Although El Nino was declared by the Australia Bureau of Meteorology on 12 May, the effects of El Nino was hardly felt. But that is changing as weather is warming up and getting drier.

Although partly seasonal, weather forecasters are expecting below-average rainfall for July-Aug in the region, namely Sarawak, eastern part of Sabah, Central Kalimantan, West Kalimantan, South Kalimantan (major oil palm areas), Java, South Sulawesi, and southern part of Papua province (not major oil palm areas). Haze is also expected to make a comeback although the impact of haze on production is likely to be marginal compared to rainfall deficit. The total oil palm area in Malaysia and Indonesia that could be affected by this below-average rainfall forecasts over the next two months is estimated at 5.01m ha representing 32% of the total planted area. In terms of production, the said area produced ~14.2m MT or ~30% of production in this region.

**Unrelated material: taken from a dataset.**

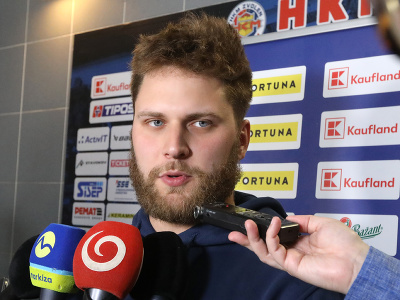 Na snímke slovenský hokejista Samuel Hlavaj počas mediálneho programu slovenskej hokejovej reprezentácie v štvrtom bloku prípravy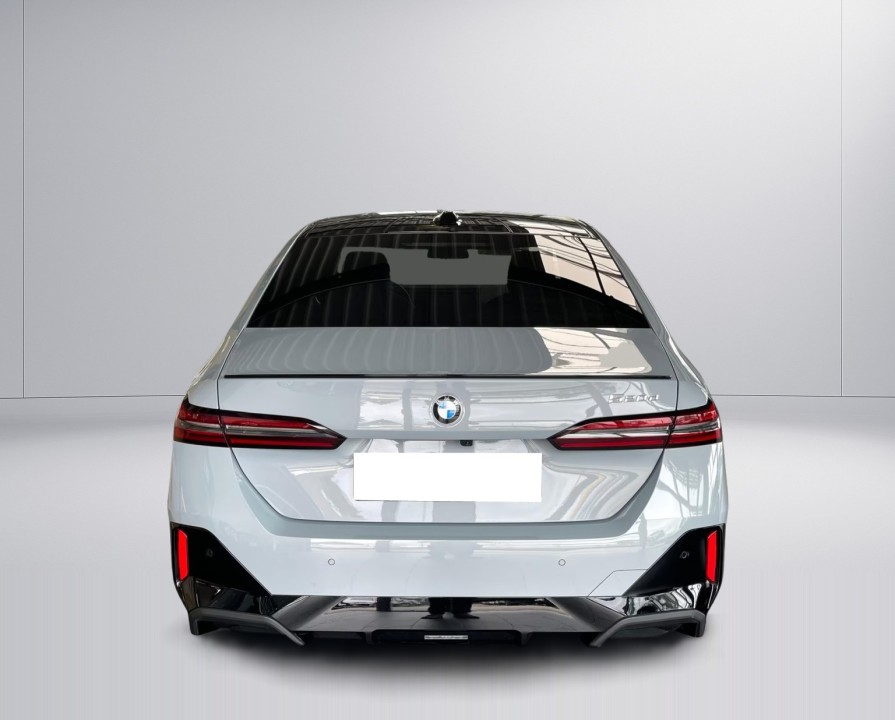 BMW Seria 5 520d M-Sport (3)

While the intensity of El Nino remains unclear, the monthly sea surface temperature (SST) anomaly map recorded across the Pacific Ocean has been sustained, if not strengthened – see Fig 8- 10. Thus far, the readings have resembled those of 1997/98 which turned out to be the strongest El Nino in recent history.

What’s Our View

While the affected area appears relatively large, a mild El Nino is likely to have a muted impact on production, in our view. But a severe El Nino can possibly bring down FFB yields by up to 20%. The intensity of this El Nino has yet to be established but there are early indicators that this could be substantial.

The occurrence of El Nino is generally positive for CPO price. But the extent will depend largely on the El Nino intensity. Conversely, the present ample supply of soybean will water down overall optimism, capping near term CPO price upside, unless the El Nino phenomenon impacts major soybean producing nations as well.

We keep our NEUTRAL call on the sector. Our MYR2,400/t CPO ASP forecast for 2015 is unchanged for now. Our top BUYs in the region are Bumitama Agri, First Resources, Genting Plantations, and Sarawak Oil Palms for their growth propositions and the embedded deep values of their landbank (for the two Malaysian planters).